8.1 Introduction

So far we have accompanied our statistical models with statistical tests to adjudicate on hypotheses: either null hypothesis significance tests, or equivalence tests. This is the standard approach in psychology and behavioural science (especially null hypothesis significance tests). Null hypothesis significance testing has useful applications, especially for data from experimental studies. But, it does not make sense for everything. In particular, there are two kinds of cases where its utility is quite low. People often use it in these cases, but there are better alternatives.

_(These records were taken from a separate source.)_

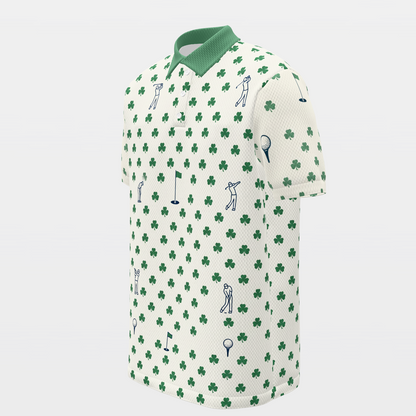 Lucky Round Golf Polo Shirt – Front Left product view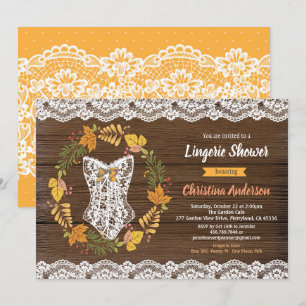 Lingerie douche invitation automne automne couronn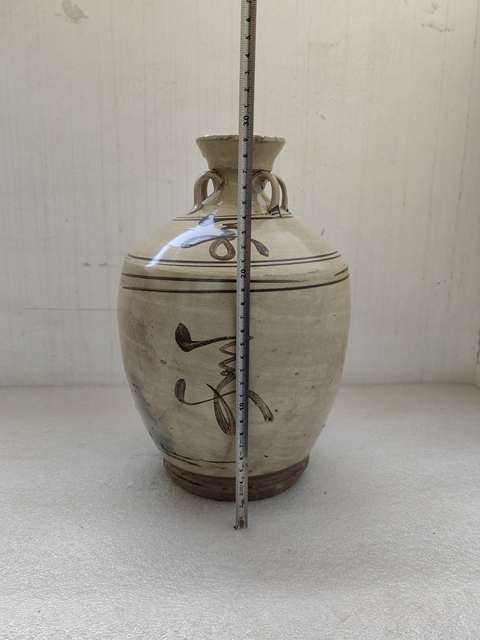 古玩陶瓷磁州窯白地黑花四系瓶拍賣,當前價格750元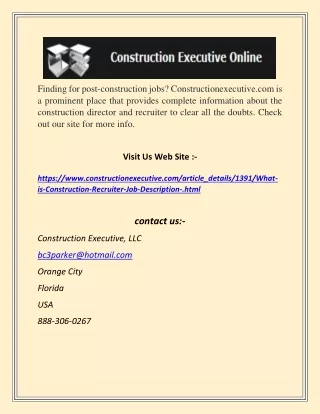 Construction Recruiter | Constructionexecutive.com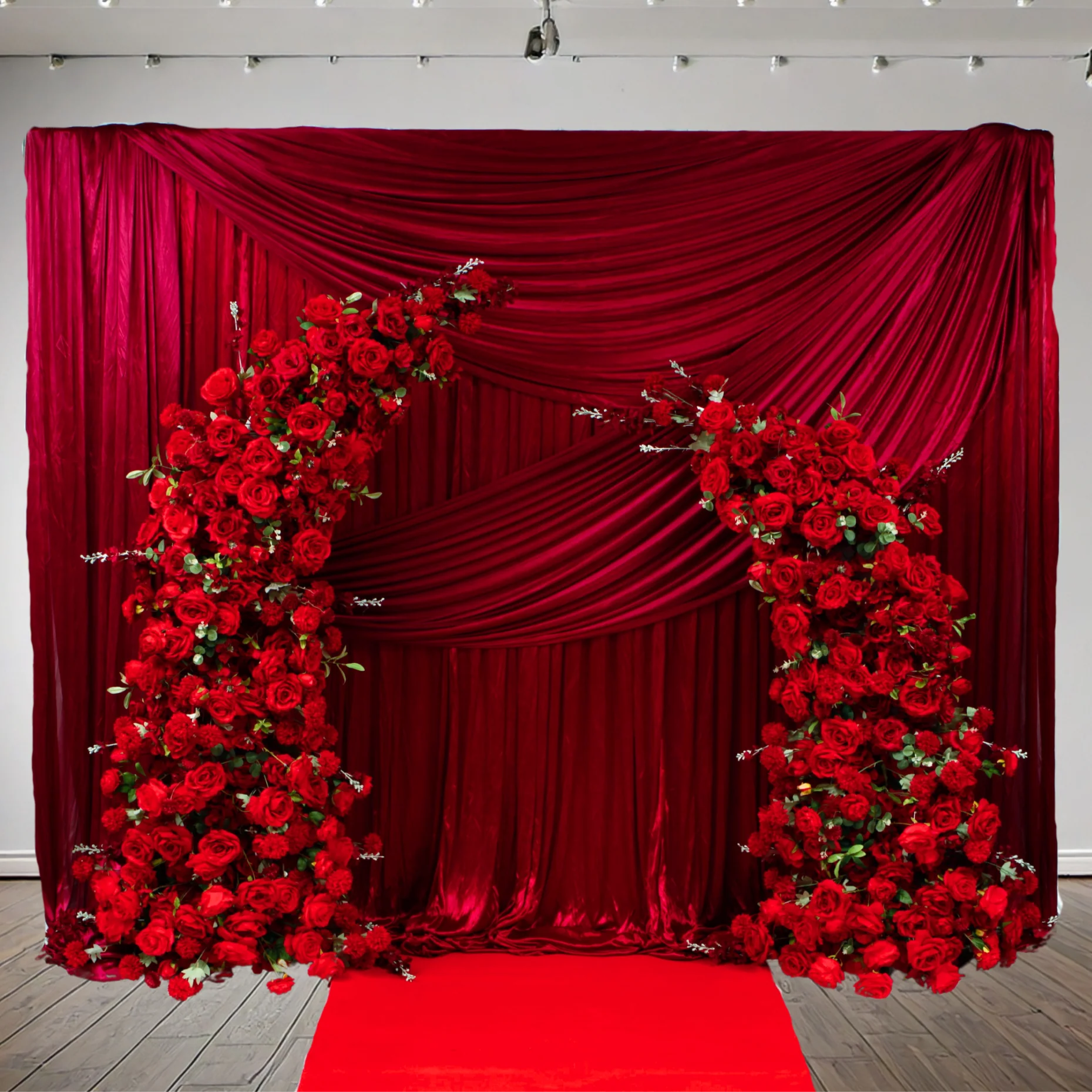 Crescent Arch Flower Frame PACKAGE - Red (2pc) - Image 2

The first kind of case is where the researcher is entertaining multiple hypotheses, none of which is null, and wishes to say something about which hypothesis is best supported by the data. For example, consider how the diameters of the trunks of trees relate to their height. Obviously, taller trees tend to have thicker trunks. Thus, testing (and rejecting) the hypothesis that there is no relationship between trunk diameter is not very interesting. However, there are multiple possible hypotheses about how trunk diameter might relate to height. For example: is there a linear relationship; does height increase with the square root of diameter; is height related to diameter to the power of 2/3, and so on. Each of these possibilities is a hypothesis; you would want to evaluate each of these hypotheses against one another given the data.

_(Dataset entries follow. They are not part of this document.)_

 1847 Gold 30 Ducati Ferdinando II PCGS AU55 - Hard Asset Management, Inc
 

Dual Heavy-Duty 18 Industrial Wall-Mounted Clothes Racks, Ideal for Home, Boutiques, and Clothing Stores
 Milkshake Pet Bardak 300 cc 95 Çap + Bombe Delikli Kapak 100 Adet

People try to hang on to null hypothesis significance testing in cases like this by looking at which terms in different models are significant against the null hypothesis of zero, and which are not. But, difference of significance is not significance of difference (see section 5.6). Besides, this does not help if all of the models have significantly non-zero terms, as would probably be true in the tree trunk case.

The second kind of case is where you have observational data, quite a few potential predictor variables, and you want to know which combination of predictors best predicts the outcome. This situation is common in more exploratory research. Because there are multiple predictors, there are many different models you could test: all the different combinations of all the predictors, their interactions, and so on. Which model should you think of as the best model? Which one should you take to represent the causal forces that really generated this dataset; and, hence, which one is likely to predict the outcome in future replication samples?

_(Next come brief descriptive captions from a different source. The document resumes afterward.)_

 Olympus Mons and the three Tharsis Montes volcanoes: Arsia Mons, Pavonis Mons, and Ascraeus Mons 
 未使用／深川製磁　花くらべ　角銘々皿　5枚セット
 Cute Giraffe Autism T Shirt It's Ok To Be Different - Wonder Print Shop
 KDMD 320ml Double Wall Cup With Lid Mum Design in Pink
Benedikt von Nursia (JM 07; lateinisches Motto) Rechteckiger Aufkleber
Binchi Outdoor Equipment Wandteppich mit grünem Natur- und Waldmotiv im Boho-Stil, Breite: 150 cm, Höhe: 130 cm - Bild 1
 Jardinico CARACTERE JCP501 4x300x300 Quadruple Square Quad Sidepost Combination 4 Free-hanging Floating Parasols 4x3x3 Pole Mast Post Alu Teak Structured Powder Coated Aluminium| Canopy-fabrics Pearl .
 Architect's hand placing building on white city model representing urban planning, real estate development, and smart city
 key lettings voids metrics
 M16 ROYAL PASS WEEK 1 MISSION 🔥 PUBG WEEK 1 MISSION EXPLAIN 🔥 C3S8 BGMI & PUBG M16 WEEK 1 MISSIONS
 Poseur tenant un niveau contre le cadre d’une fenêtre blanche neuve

Here, people sometimes put all the possible predictors in the model, and then prune it based on which terms are significant or not (i.e. remove the non-significant terms and leave the significant ones). This is a bad idea for several reasons. Because terms in linear models are partial coefficients (section 3.4), the coefficients that remain don’t retain the same magnitude or the same interpretation when other terms in the model get removed. You end up effectively doing many statistical tests, increasing the likelihood of retaining terms through false positives; plus your estimates are biased by the way you have selected which terms to include.

Alternatively, people keep playing with the terms included in the model until they find the combination for which the coefficient of determination, \(R^2\), is the biggest. \(R^2\) is the proportion of the variance in your outcome measure is statistically explained by the combination of all your predictors; it is inversely relatd to the variance of the residuals. The problem with this is that it leads to overly complex models. A set of predictors must generate an \(R^2\) that it is at least as big as the \(R^2\) generated by all of its subsets. Often it will be a little bit bigger just by chance. So looking for a bigger \(R^2\) will always lead you to add more and more predictors, many of which might not be important determinants in the world, and whose associations will not replicate in future samples. This is known as overfitting.

This chapter introduces an alternative approach to inference about the best model: model selection or information-theoretic model selection. Model selection allows you to test between multiple non-null hypotheses; and to find the best model in exploratory analysis of datasets with many predictor variables. Model selection does not involve p-values or significance tests in the way you are used to, so we will have to learn some new terminology.